Example 1: using techniques generally recognized in the yew cell culture plant cell culture, starts Taxus cell cultures from any suitable part of the yew plant. On the solidified nutrient medium or liquid nutrient medium, substantially undifferentiated cells are grown under the conditions described below, except that the cells cultured in the solidified medium do not require stirring. Mix the culture by agitation at a temperature of 22-28 ° C., pH 4-7, in the dark, supply oxygen and other gases, aerate by contacting the oxygen-containing gas with the cell suspension, and Culture the cells. Oxygen is maintained between 10-150% of air saturation at working temperature and carbon dioxide is maintained at a concentration greater than 0.05%. Oxygen and other gas levels are controlled by adjusting agitation, pressure, gas composition, aeration rate, or gas supply rate.
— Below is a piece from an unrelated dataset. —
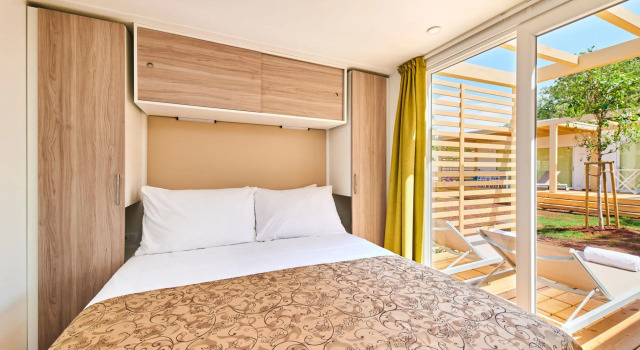 Nice chalet with 2 bathrooms and a dishwasher, 2km from Umag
The medium contains components that can support the growth of yew cells, such as sugars in the range of 1-100 g / l, cumulative amounts of nitrogen source in the range of 1-100 mmol / l, and auxin and It may also comprise growth regulators such as cytokinin-like compounds, such as naphthalene acetic acid (NAA), phenoxyacetic acid, halogen-substituted phenoxyacetic acid, picloram, dicamba, benzylaminopurine, kinetin, zeatin, thidiazuron, indoleacetic acid. The medium may optionally be a taxane substance such as baccatin III or 10-deacetylbaccatin III, an amino acid such as glutamine, α- or β-phenylalanine, methylenedioxycinnamic acid (MDCA), or methylenedioxynitrosilicate. Cinnamic acid or methylenedioxyphenylacetic acid, or alpha-aminophenylacetic acid or related compounds, such as a silver ion source in the form of silver nitrate or silver thiosulfate, or other that can affect the biosynthesis or action of ethylene You may contain a component. The inoculum concentration of yew cells may range from 10 g fresh cell weight / liter to 300 g wet cell weight / liter.
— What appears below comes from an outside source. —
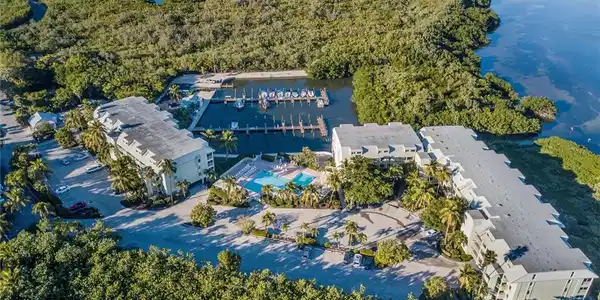 4302 Bayside Villas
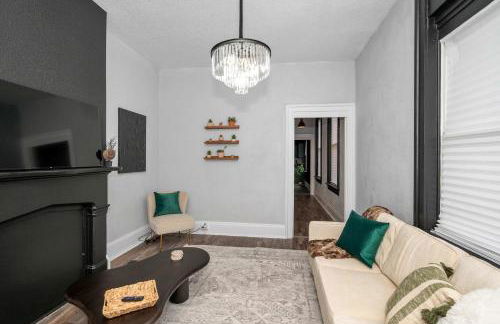 Stylish Modern Gem in the HIlls - Foto 8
  This medium also contains indanoylamide as described in this application, optionally with one or more jasmonic acid related substances, and these substances are also at the beginning of the culture, after the logarithmic growth phase, Alternatively, it may be added intermittently throughout the culture period. The other components of the medium may be added all at once or at various times during the culture and may be supplied continuously or intermittently. These components may be added either before or after plant cells are included in the culture broth. In addition, nutrients or other ingredients may be added during the culture period if deemed useful. Optionally, the medium may be changed after an appropriate culture period, whereby the cells are freshly exposed to a medium containing components similar to those described above. Such changes can include changing the amount of sugars such as glucose, fructose, sucrose, maltose, nitrates, ammonium, or nitrogen sources such as amino acids or casamino acids. After the incubation period, the culture is harvested, taxane levels are quantified by HPLC, and individual taxanes are identified using LC / MS / MS. Taxanes can be recovered from these cultures by appropriate extraction and purification procedures.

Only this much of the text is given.